# Driver for WiFi dongle



## dss_cottage (Jul 31, 2009)

I'm looking for the correct driver for a WiFi dongle on a Win 7 32 bit system.

The only label on the dongle is "802.11n"
I believe that the manufacturer is Mediatek or Realtek (one driver file is labeled MTK, the other is Realtek)

The hardware ID is: usb/vid_148f&pid_7601&rev_0000

The dongle (off eBay) came with a DVD disk with drivers but they don't work. In Device Manager, there is a yellow exclamation point.

I've searched the net (with this hardware ID) and have a number of hits that offer a variety of different files that are supposed to be the correct driver. However, they are all "exe" files and are a variety of sizes. That makes me very suspicious. The descriptions of these files also quote different OEMs and chipsets.

Can anyone help me sort out this confusion?


----------



## SpywareDr (Jun 15, 2013)

FWIW, new ones are $3.99 (USD) and that includes shipping: https://www.newegg.com/Product/Prod...730&cm_re=usb_wifi-_-9SIABV76009730-_-Product


----------



## steve32mids (Jun 27, 2012)

https://www.mediatek.com/products/broadbandWifi/rt2870

mediatek drivers

realtek normally do ethernet drivers without knowing your motherboard make and model number, this driver is for Lan/ethernet drivers also they do sound drivers.

CPU-Z | Softwares | CPUID

download cpu z it will tell you your motherboard make and model number.
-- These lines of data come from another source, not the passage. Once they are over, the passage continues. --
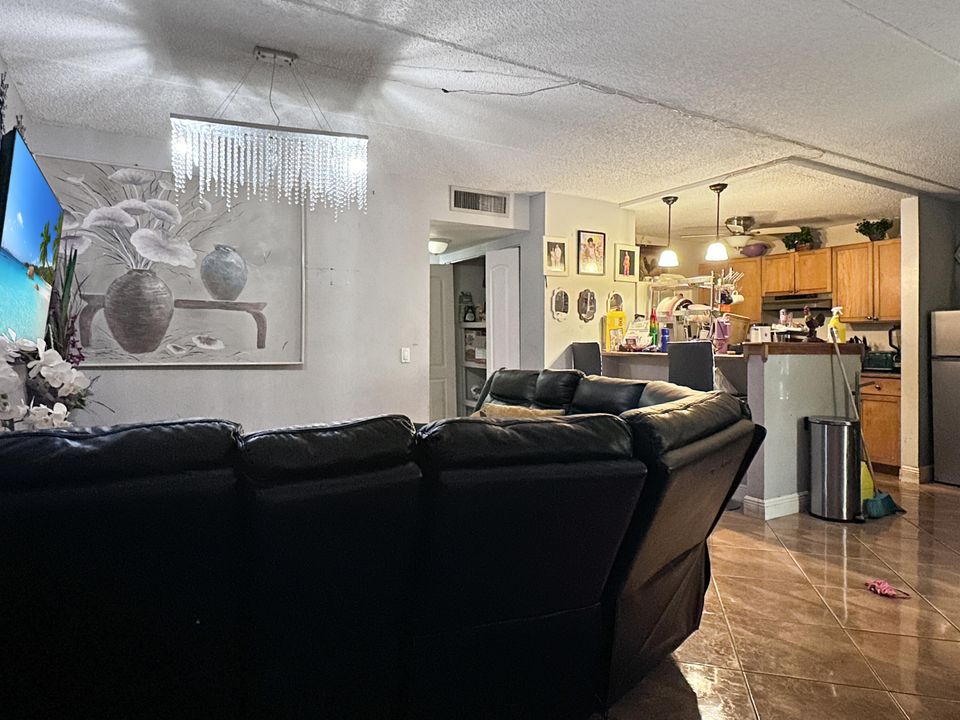 待售: $179,000 (2 贝兹, 2 浴室, 921 平方英尺)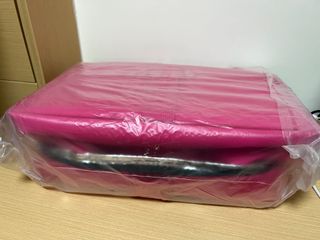 （分類：）位於 。 由 jackson.2hand 提交（商品編號 1121659142，圖片 1）。簡介： 。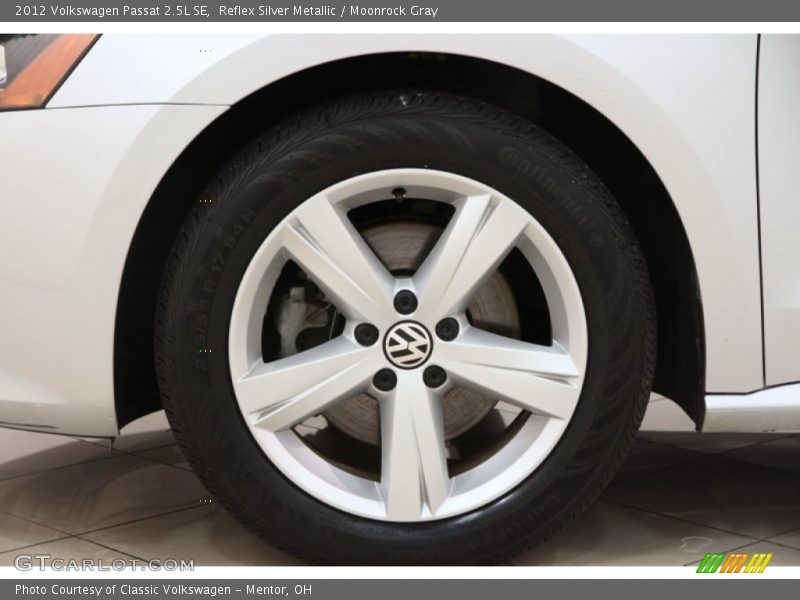Reflex Silver Metallic / Moonrock Gray 2012 Volkswagen Passat 2.5L SE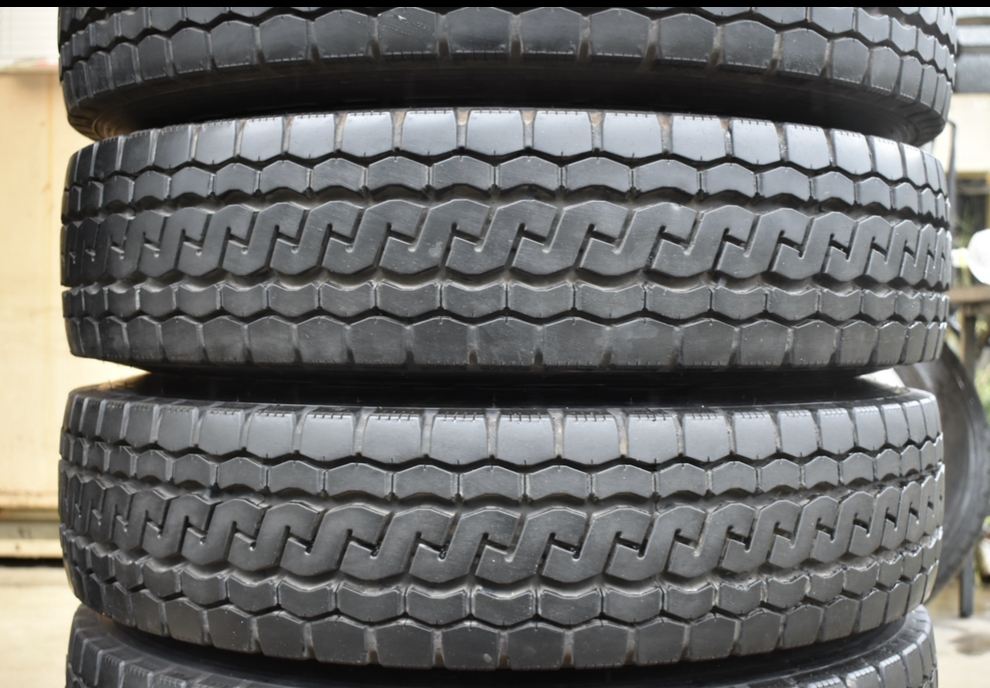 205-80R17.5 BRIDGESTONE ECOPIA M812 2021 年製スチールホイール付き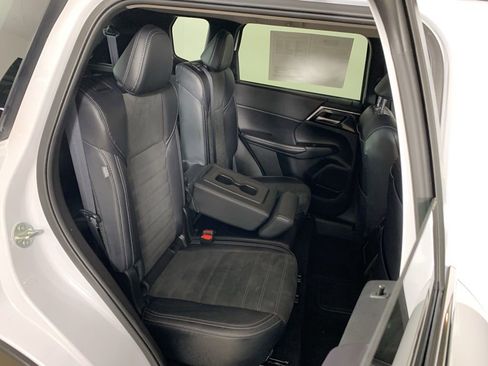 Used 2024 Mitsubishi Outlander Ralliart image 36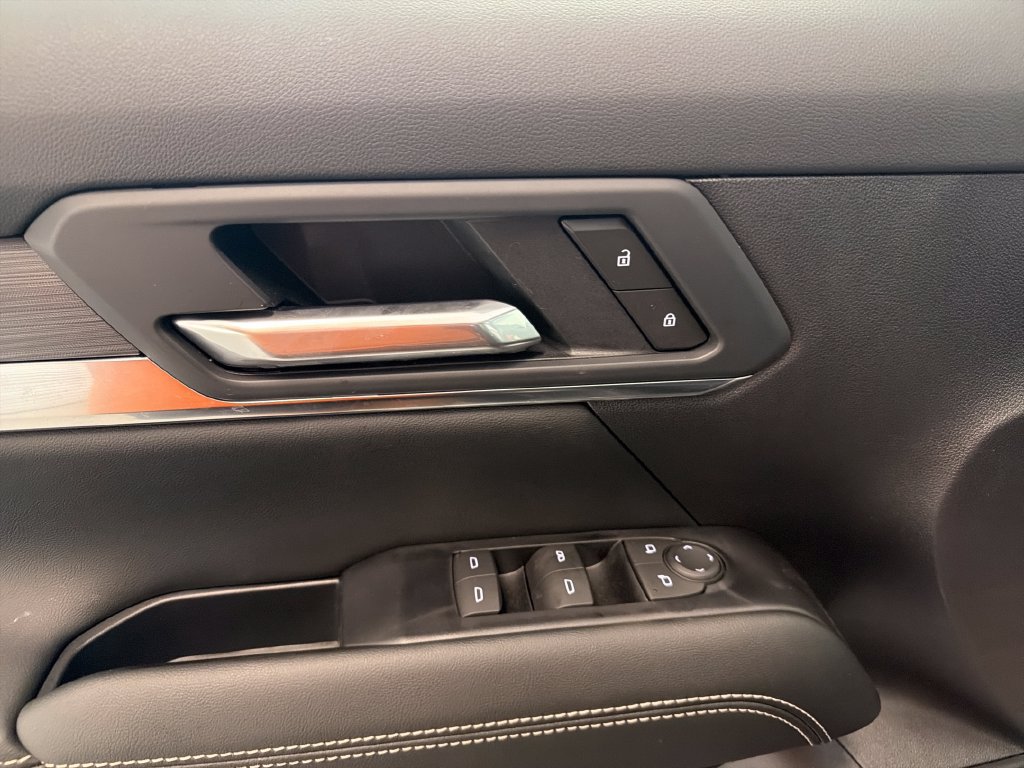 New 2027 GMC Terrain Elevation w/ Elevation Premium Package FWD image 13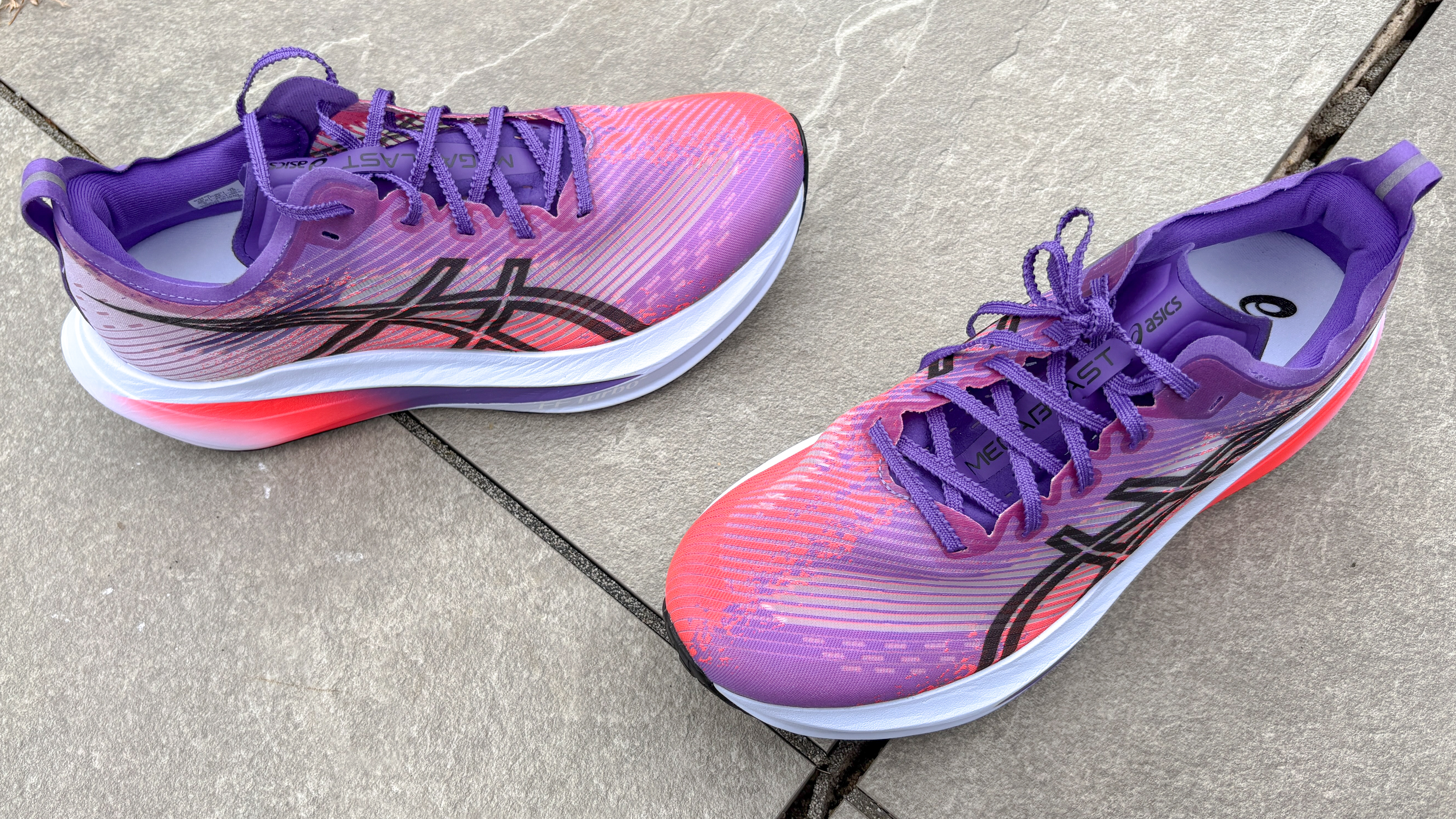 ASICS Megablast
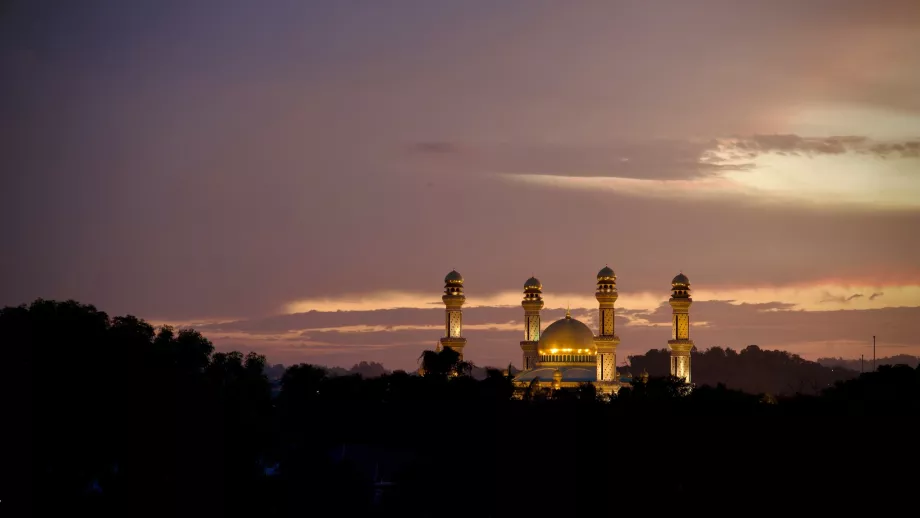 Jame Asr Hasanil Bolkiah-moskén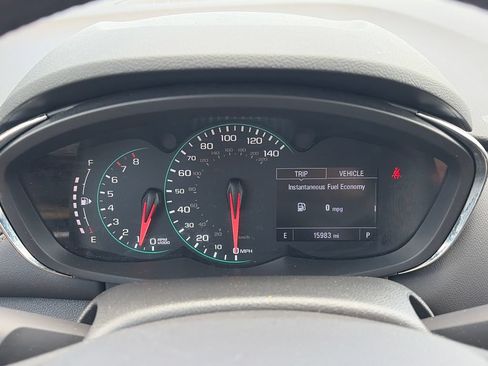 Used 2022 Chevrolet Trax LT w/ Midnight Edition AWD/4WD image 18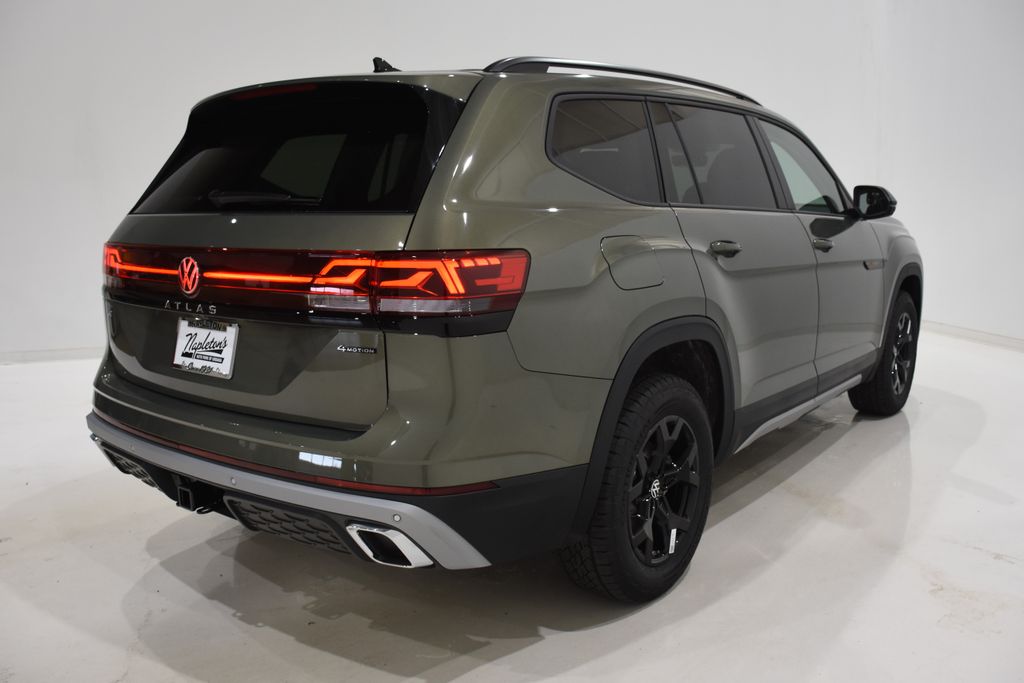 2025 Volkswagen Atlas Peak Editon SE w/Tech 4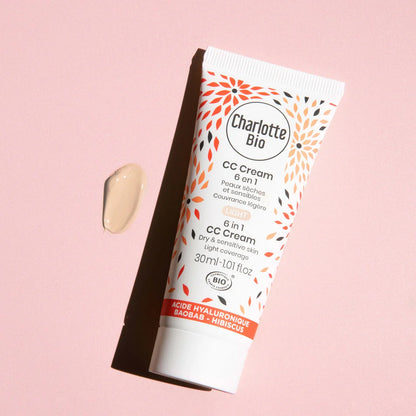 Une CC crème certifiée bio pour illuminer les peaux claires naturellement. Effet peau nue.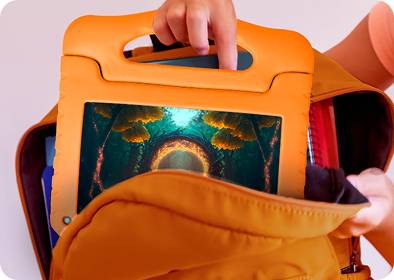 Mãe e filhos usando tablet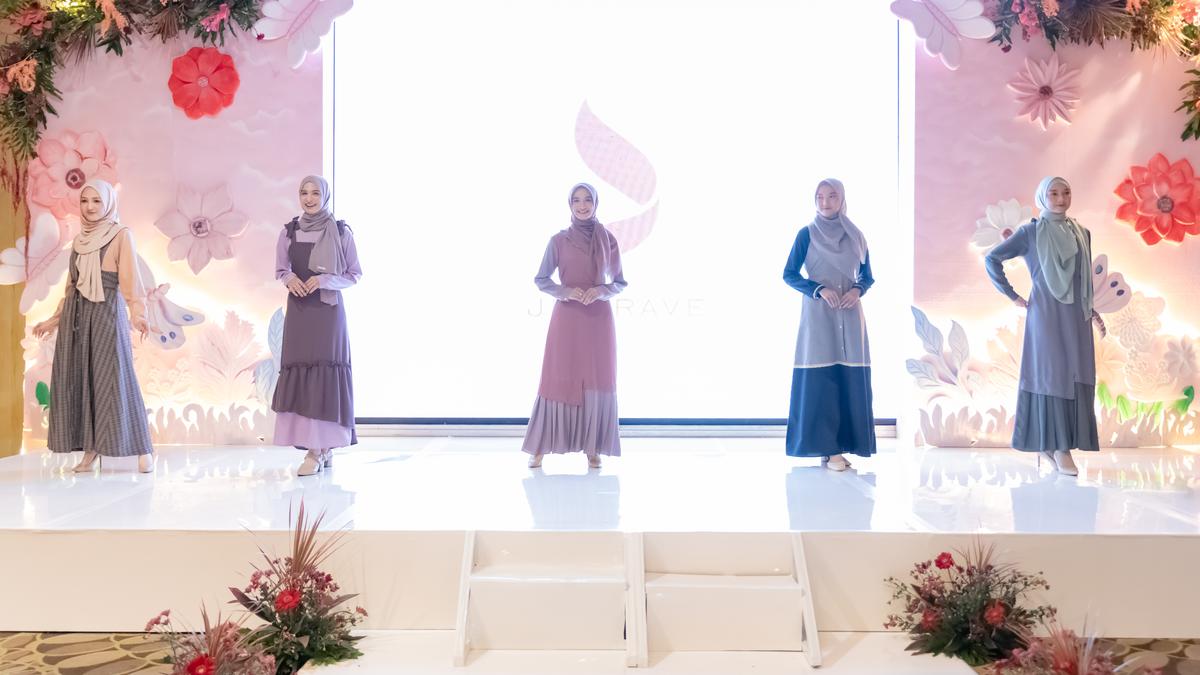 7 Tren Model Baju Lebaran 2025 bagi Muslimah, Modis dan Elegan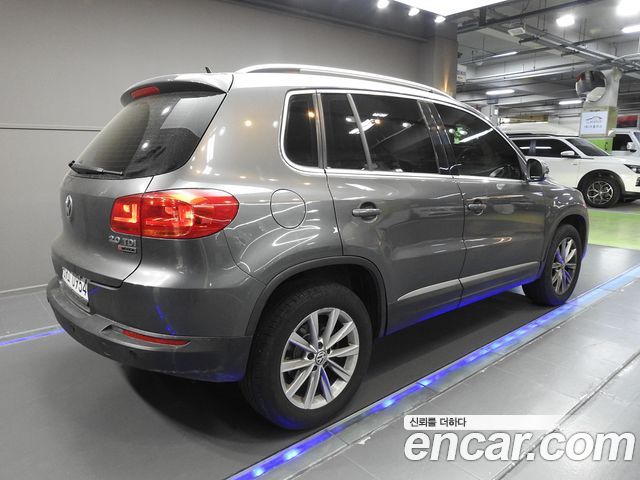 VOLKSWAGEN 티구안 2.0 TDI 컴포트 2016 - photo 2 - Import Corée du Sud | International Cars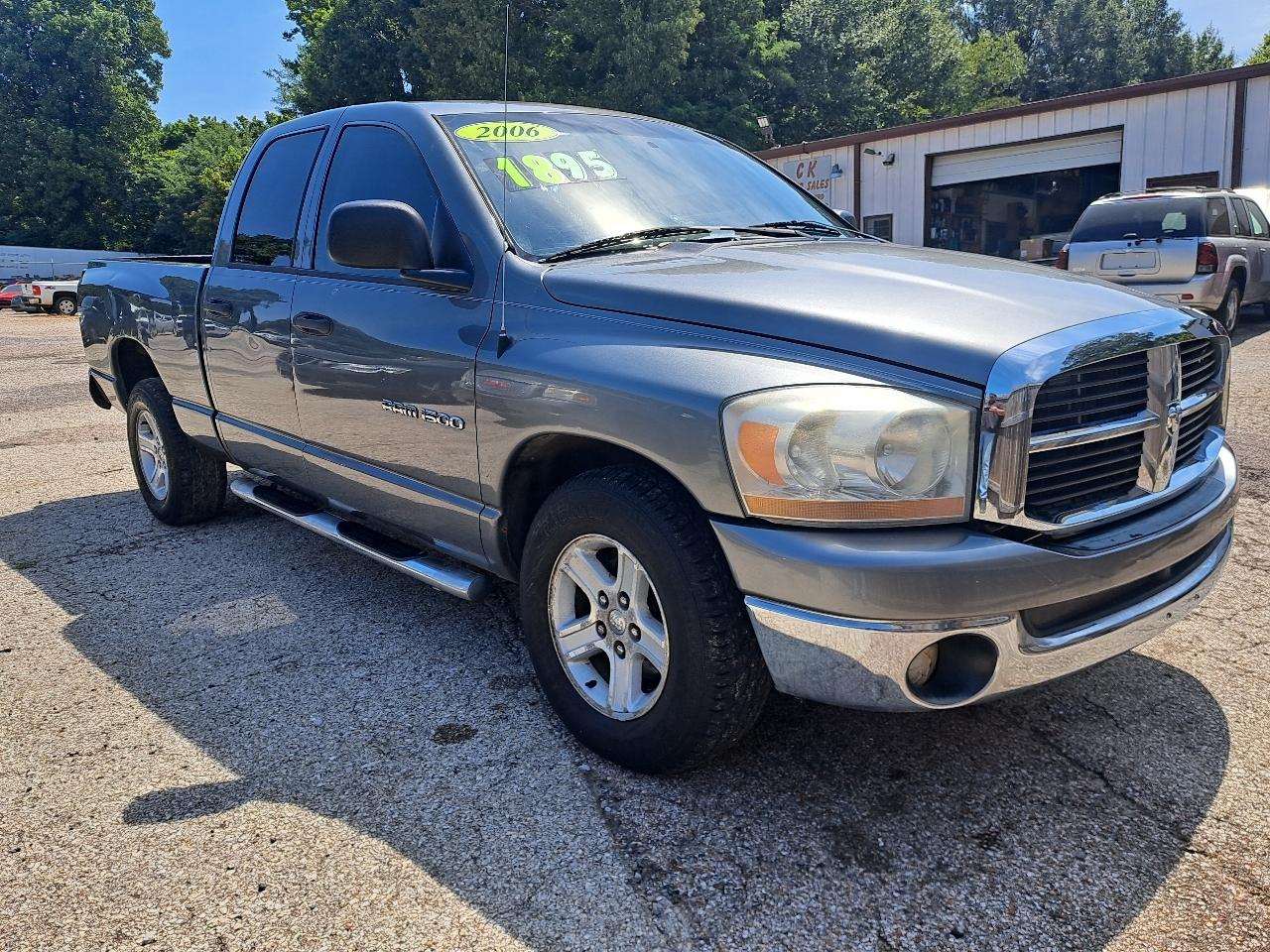 Dodge Ram 1500 ST Quad Cab 2WD 2006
After Installing it run it then click on the mainboard tab it will tell you the make and model number.


----------



## dss_cottage (Jul 31, 2009)

steve32mids said:


> https://www.mediatek.com/products/broadbandWifi/rt2870
> 
> mediatek drivers
> 
> ...


Maybe I'm misunderstanding your post but....
I'm trying to find the correct driver for a *Wifi dongle* not an ethernet card inside the computer. As such, I don't think that the model number of the motherboard makes any difference.


----------



## dss_cottage (Jul 31, 2009)

SpywareDr said:


> FWIW, new ones are $3.99 (USD) and that includes shipping: https://www.newegg.com/Product/Prod...730&cm_re=usb_wifi-_-9SIABV76009730-_-Product


That's exactly what I have purchased but the drivers that came with it don't seem to work. If I'm unable to find the correct drivers, I'll probably buy a different dongle. They are so cheap that I wouldn't be losing very much.


----------



## JimE (Apr 16, 2009)

Stick with a name brand model and you will have better support and an actual website with drivers and software.


----------